*What to work on*
Only what runs from the line with "El Atlético gana el Arousa Fútbol 7" to the end of the data should appear in the answer, exactly as written and without pictures.

========

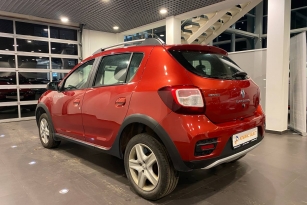 RENAULT SANDERO STEPWAY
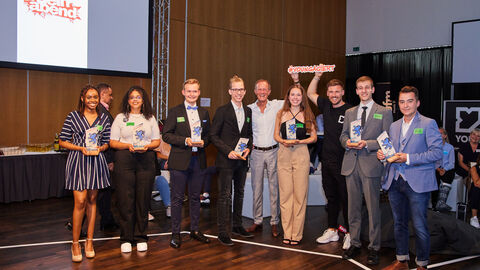 Gruppenfoto der Gewinnerinnen und Gewinner des #Youngagiert-Awards 2021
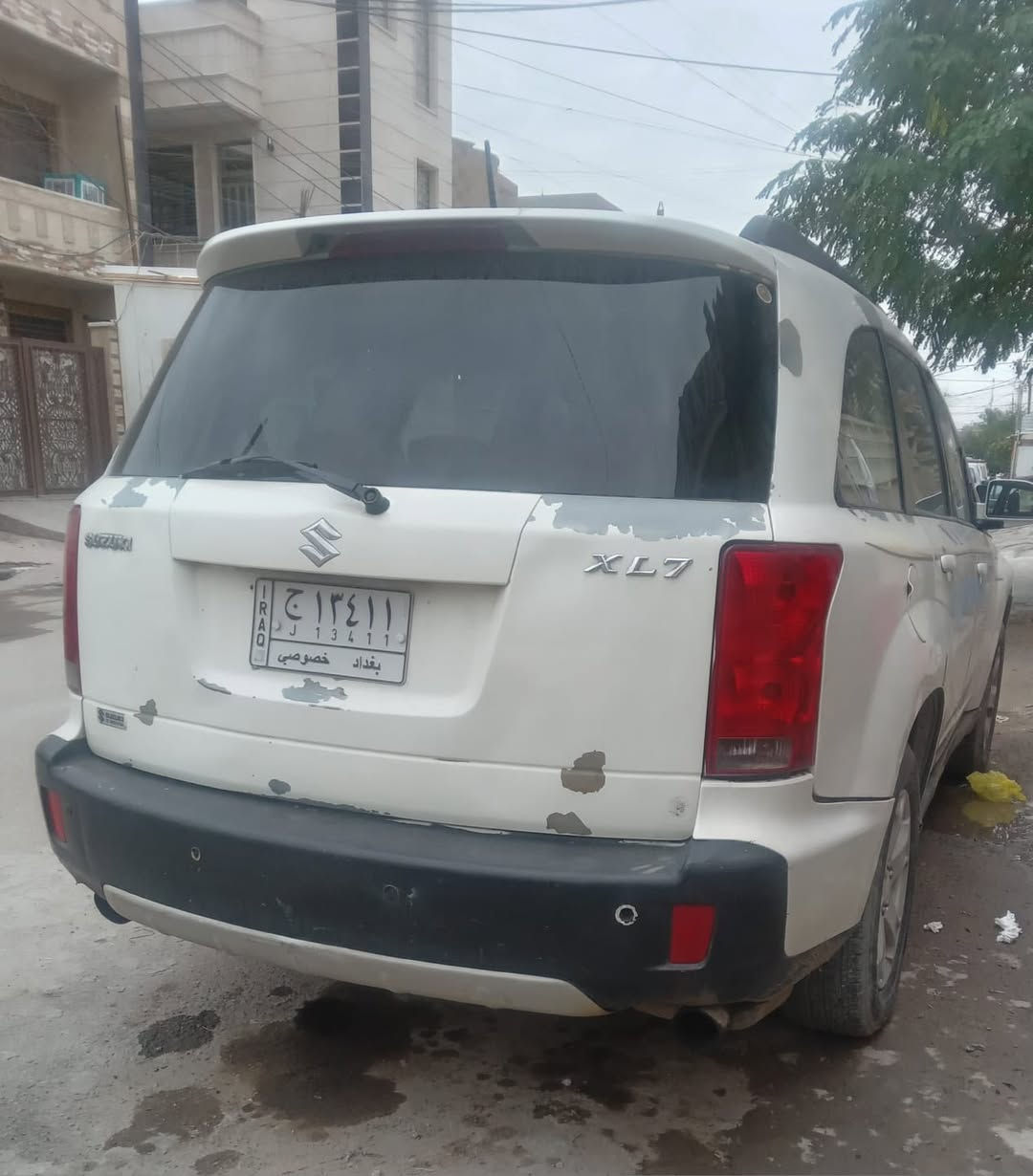 سلام عليكم سيارة سازوكي السعر ٤٥   بس بيها خيط تبخير بسيط ***********
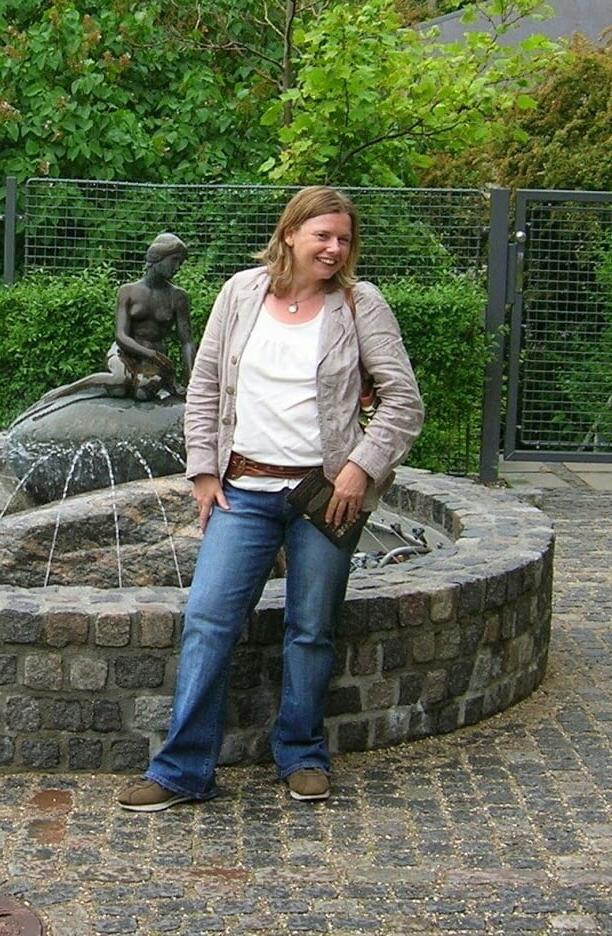 25P Eve Vickers, exposed slut wife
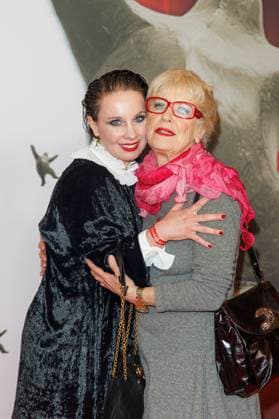 Award ceremony B Z Kulturpreis Klara Johanna Hanna Lakomy and Monika Ehrhardt at the B Z Kulturpreis 2025 at the Theater am Potsdamer Platz on 08 04 2025 in Berlin Copyright: xEventpressxKochanx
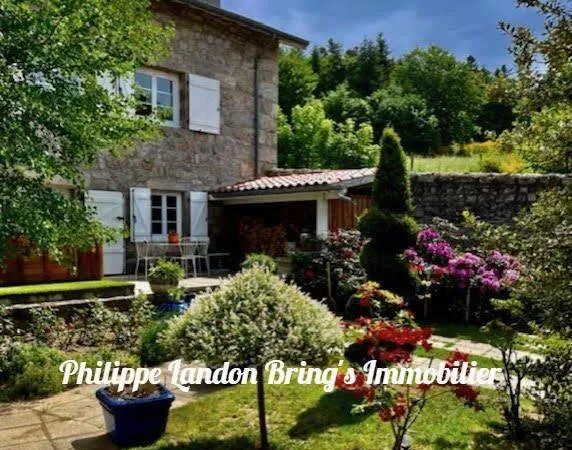 Maison 12 pièces 450 m²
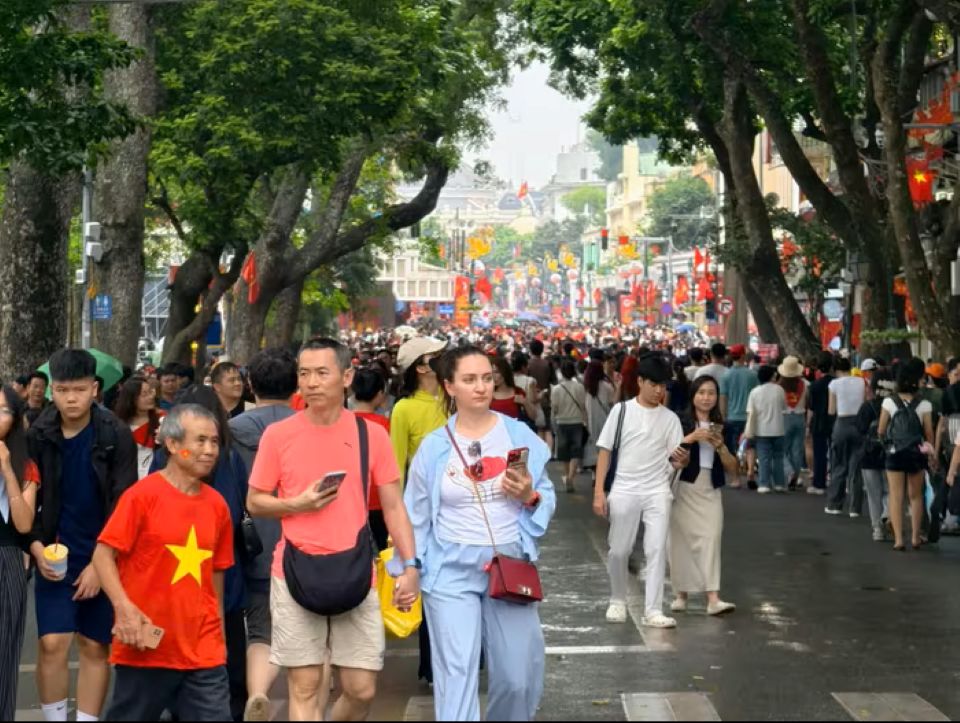 Hà Nội: Người dân ùn ùn đổ về nội đô chờ xem lễ diễu binh, diễu hành sáng 2/9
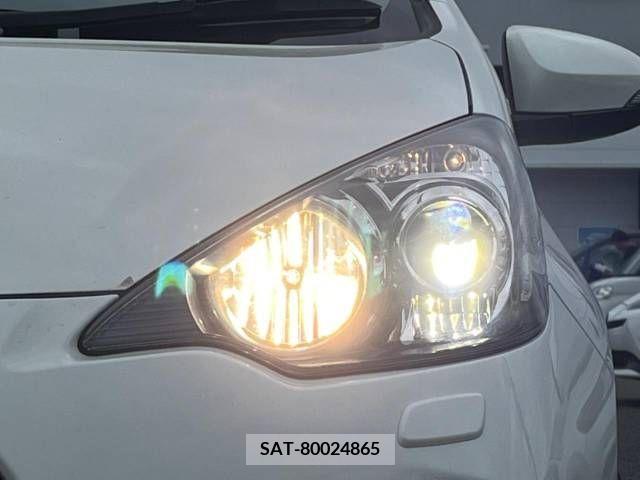 Toyota AQUA 2014-05 292121-12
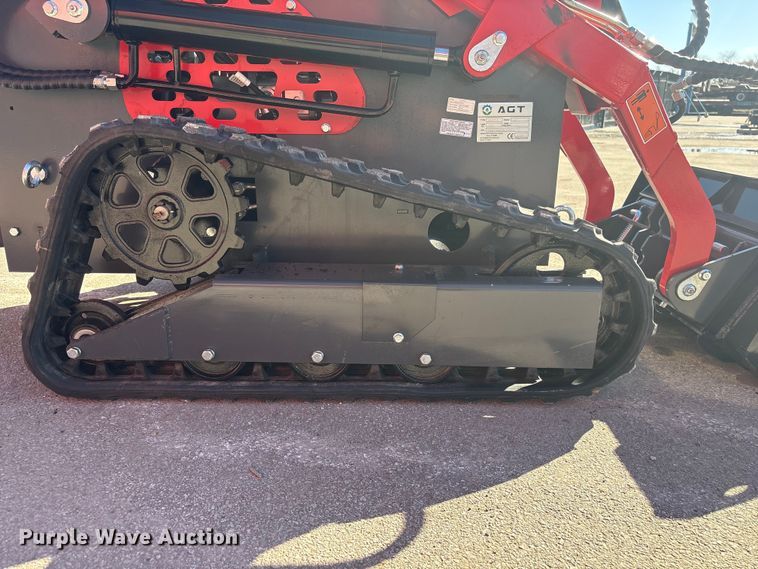 image for item EI5741 2025 AGT YSRT14 compact utility loader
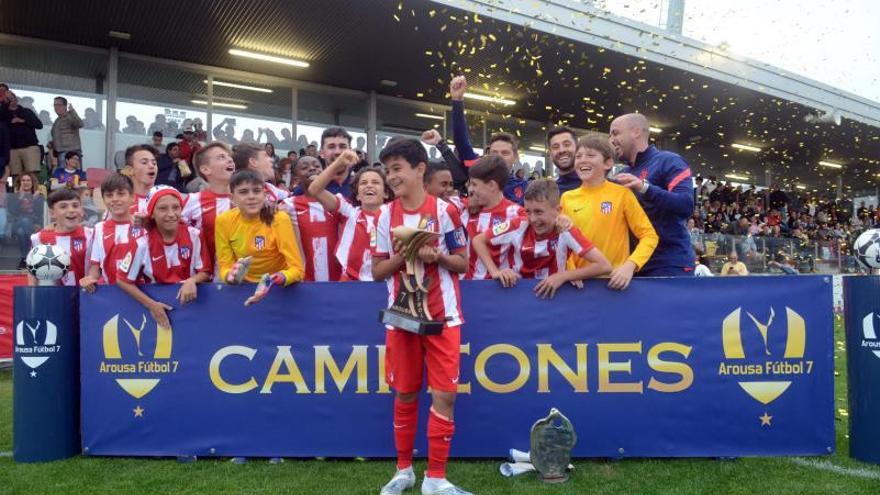 El Atlético gana el Arousa Fútbol 7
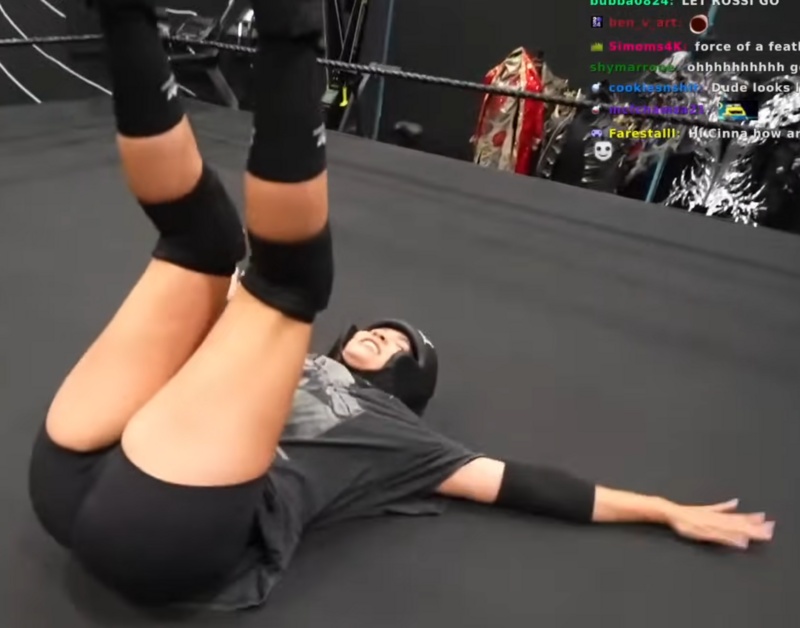 Cinnabrit nude photo 3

========

*Your solution*
 El Atlético gana el Arousa Fútbol 7
 Cinnabrit nude photo 3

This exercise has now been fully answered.